The copy must match the data word for word and contain no pictures.
DATA PROVIDED START
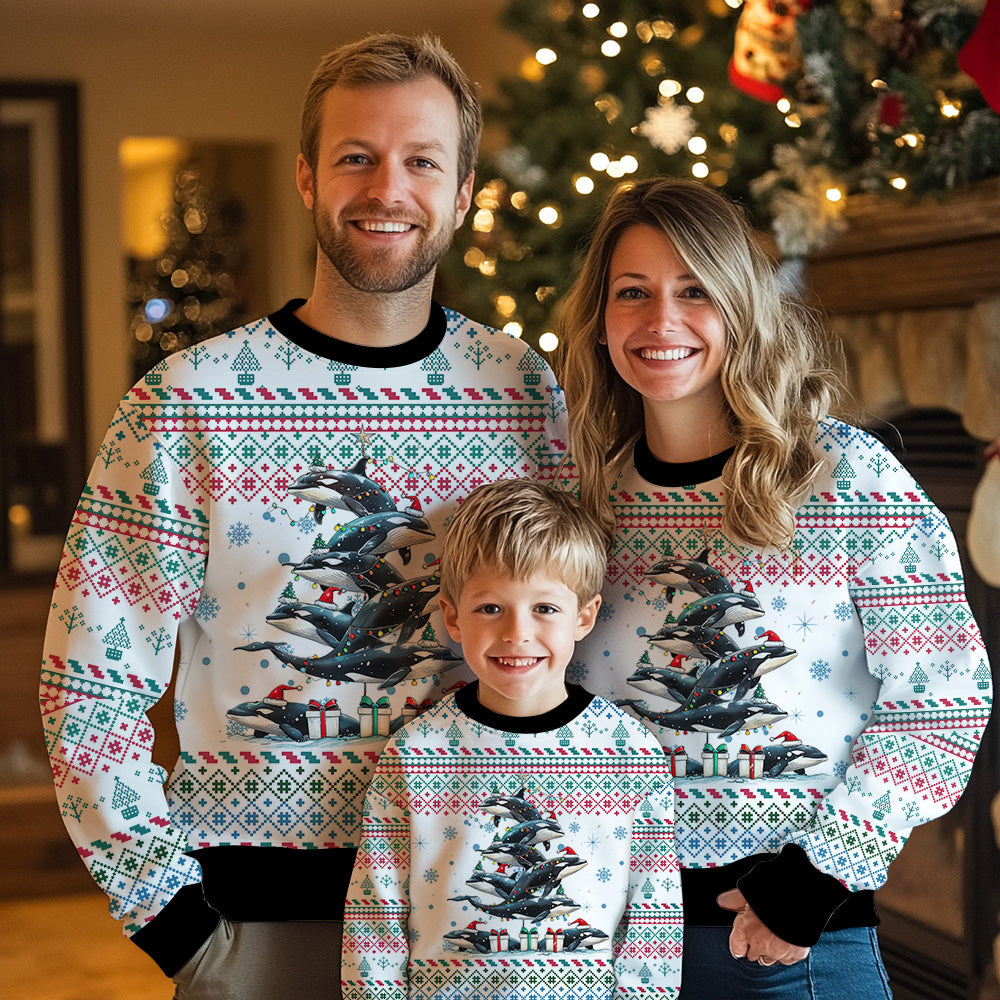 Festive Orca Killer Whale Christmas Tree Ugly Christmas Sweater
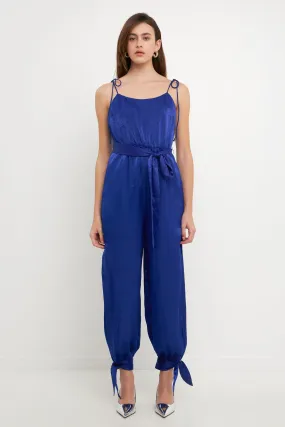 Endless Rose - Side Bow Tie Slit Jumpsuit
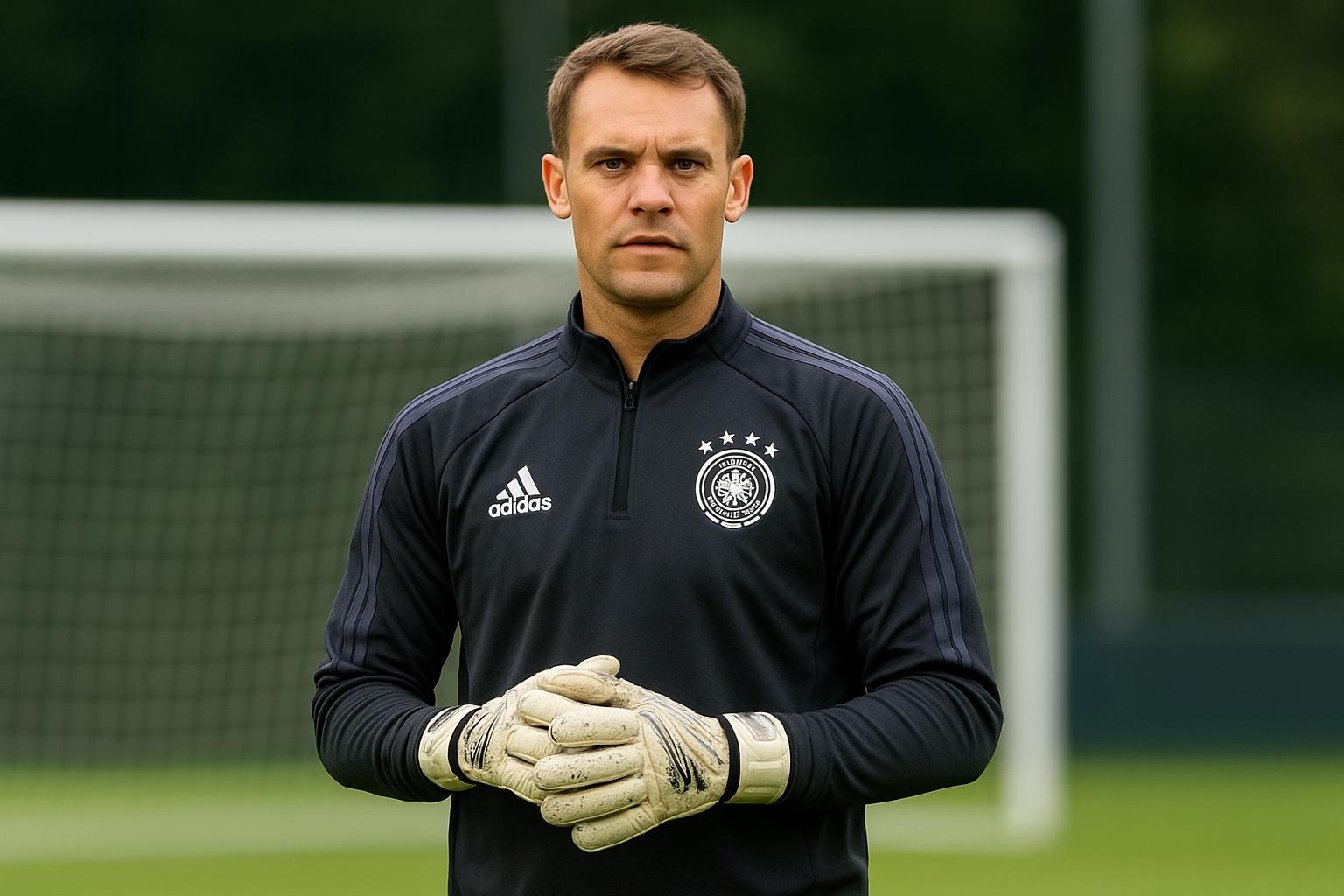 Manuel Neuer in Bayern-trainingssfeer, met focus op het keepersdossier rond Duitsland.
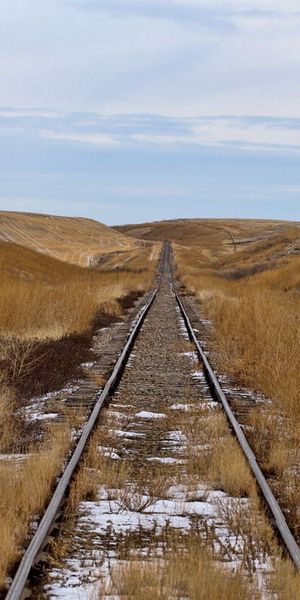 Phone wallpaper: Field, Path, Way, Rails, Nature, Railway free download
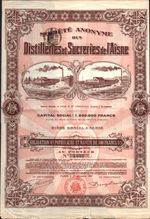 1907 FRENCH DISTILLERY & SUGAR REFINERY antique bond certificate PARIS, FRANCE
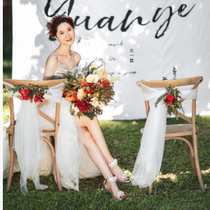 Photo studio new exterior photo props backrest solid wood cross chair outdoor indoor live wood chair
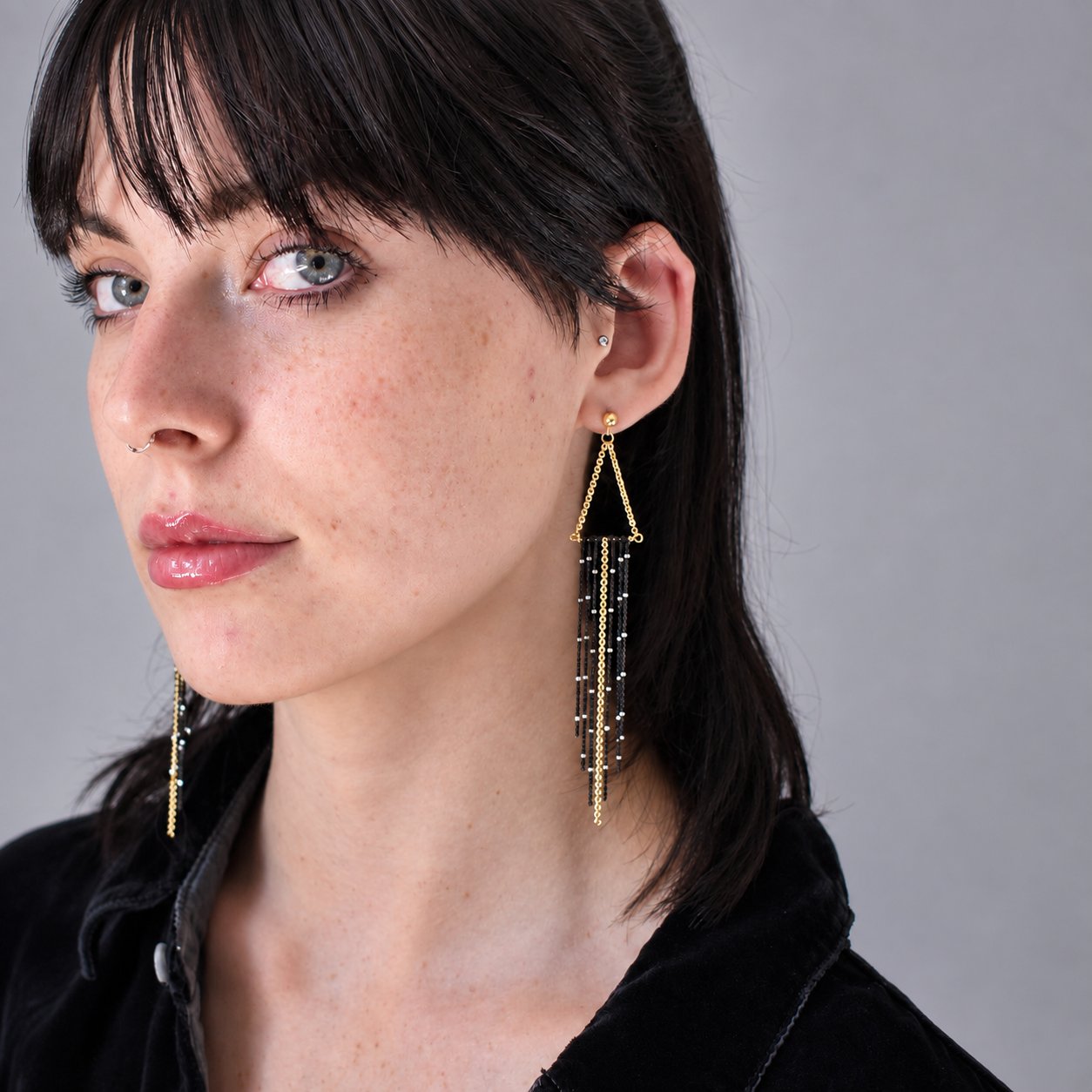 Vera Fringe Post Earrings – Black + Gold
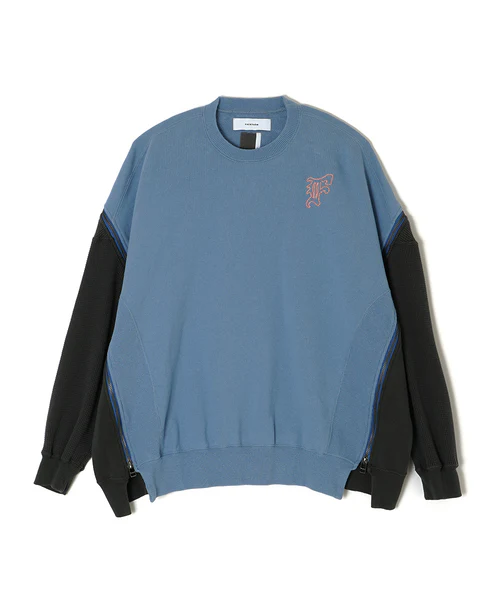 WAFFLE KNIT ZIP SWEAT BLUE 3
DATA PROVIDED END
> **REPLY TO THE TASK**
 Festive Orca Killer Whale Christmas Tree Ugly Christmas Sweater
 Endless Rose - Side Bow Tie Slit Jumpsuit
 Manuel Neuer in Bayern-trainingssfeer, met focus op het keepersdossier rond Duitsland.
 Phone wallpaper: Field, Path, Way, Rails, Nature, Railway free download
 1907 FRENCH DISTILLERY & SUGAR REFINERY antique bond certificate PARIS, FRANCE
 Photo studio new exterior photo props backrest solid wood cross chair outdoor indoor live wood chair
 Vera Fringe Post Earrings – Black + Gold
 WAFFLE KNIT ZIP SWEAT BLUE 3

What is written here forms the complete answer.